Chicago Beatdown: Rapping with Chicago beatboxer/actor Yuri Lane

yuri screamYou think human beatbox, you think hip-hop, rapid fire drum beats, record scratches, and lots of spitting. You don’t think story. You don’t think theater. And you certainly don’t think of the Israeli-Palestinian conflict. But Yuri Lane’s beatbox is a whole different sound, in that he also uses the music he makes with his mouth to tell stories.

The 38-year-old San Fran native moved to Chicago in 2003. In those six years, he’s become a YouTube sensation, with his vid “Harmonica + Beatbox: Final Cut” garnering north of 5 million views. He’s released an album, “Human Beatbox,” available on iTunes. And there’s his ongoing theater work, including “From Tel Aviv to Ramallah, A Beatbox Journey,” a play that explores the Israel-Palestine divide through beatbox, enhanced by a multimedia presentation that ebbs and flows with the beat. The play, first developed in 2003, will be performed this Saturday as a part of the Chicago Humanities Festival.

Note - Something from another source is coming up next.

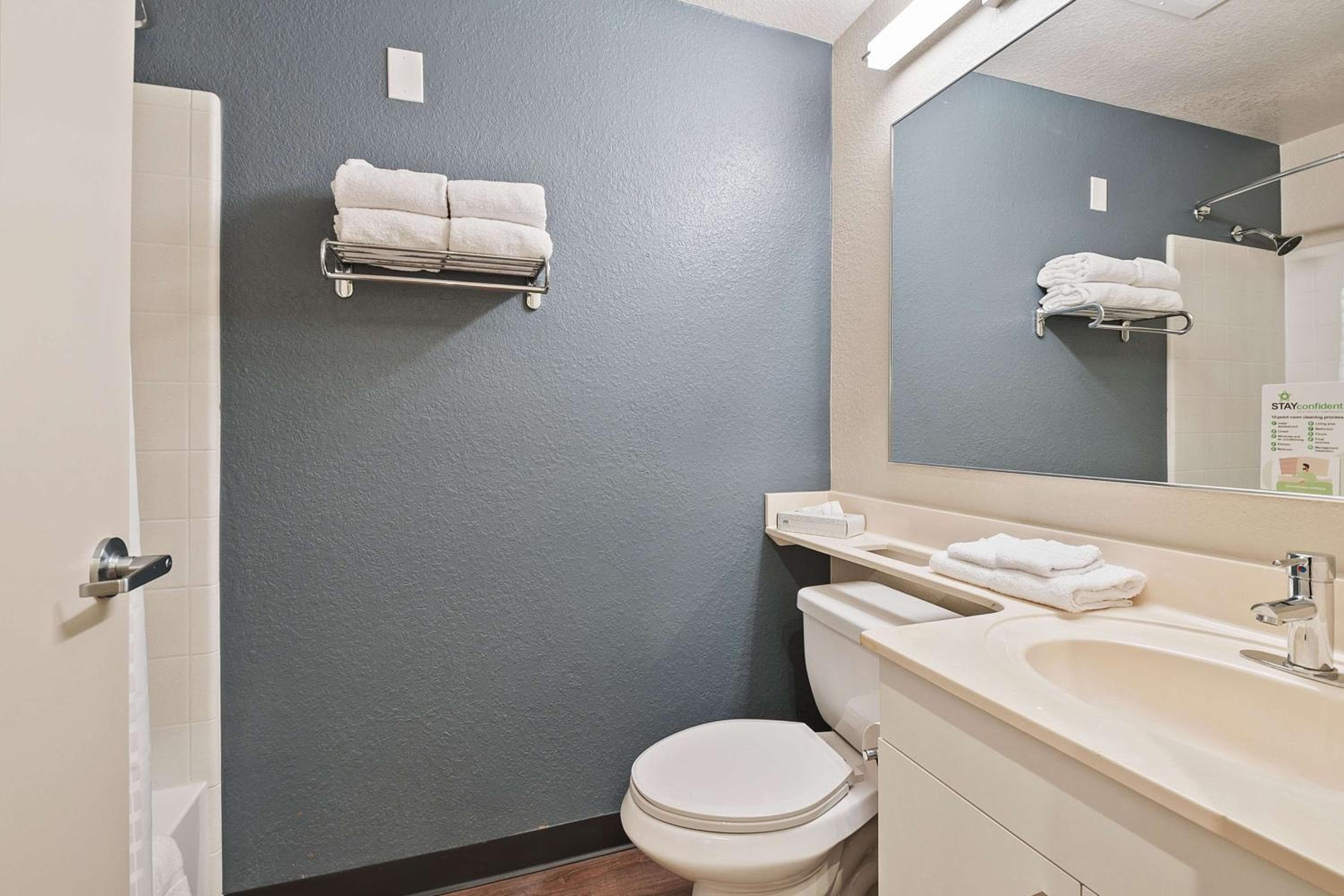 Extended Stay America Suites - Miami - Airport - Blue Lagoon — 10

Lane rapped with Chicago Beat about his love of beatbox, how his talent transcends a party trick and how Chicago’s influenced his sound.

Chicago Beat: So how did you fall in love with beatbox, and how did you go about developing that kind of talent?

Yuri Lane: Growing up in San Francisco leant itself to listening to lots of different types of music and [exposure] to different cultures and hearing the sounds of hip hop emanating from boomboxes at the schoolyard during lunch time. … I would be listening to my local radio station KPOO, and they would just play all the hip-hop songs of that time. We’re talking about Run-D.M.C., Afrika Bambaataa, Doug E. Fresh and The Fat Boys. … And I’ve always had a love for the rhythm of hip-hop. My dad was a big jazz buff, and congas and drums were always around the house. My mom’s a violinist, so I was definitely surrounded by music. I did not have the knack for musical theory like my younger sister, but I have the rhythm. So I started beatboxing when I was around 12 years old, and now I’ve been supporting myself through my beatbox performance since 2000. Of course, the life of an artist, you must do other things, so I’ve been teaching throughout those years, teaching beatbox theater and improvisation and teaching beatbox as a musical art form and also as a way to tell a story in an amusing and theatrical art form.

Doug E. Fresh said famously in a movie ‘Breath Control: The History of Human Beat Box,’ ‘You know, beatbox is like jazz in that you learn the tune, you remember the tune, and you yourself reinterpret the tune.’ And beatbox is really about the heartbeat, the rhythm inside you. And I started taking acting classes and started doing theater when I was really young, so I would learn how to use your voice as an instrument. And I just wouldn’t think about it at the time, but it really helped with the beatbox, because beatbox is all about using your voice as an instrument, using your lips for the drums, and your tongue and your cheek and your throat for the different sounds like making snare drums and vocal scratches and trumpet sounds. And you know beatbox is really a sort of self-taught type of art form. Now, there are people teaching beatbox, there are instructional videos on YouTube, and there are ways in which you can really learn how to beatbox. But I tell people who want to get into beatboxing to take an acting class and listen to your surroundings and listen to the music that inspires you and try to mimic it. It’s really about never losing your childlike sensibilities, because when you’re a little boy you’re always making sounds of cars and G.I. Joe figures, and sometimes parents and teachers say, ‘Don’t make those silly noises.’ Well, I never stopped and didn’t listen to those people. And so really keeping that child inside of you really helps with the beatbox.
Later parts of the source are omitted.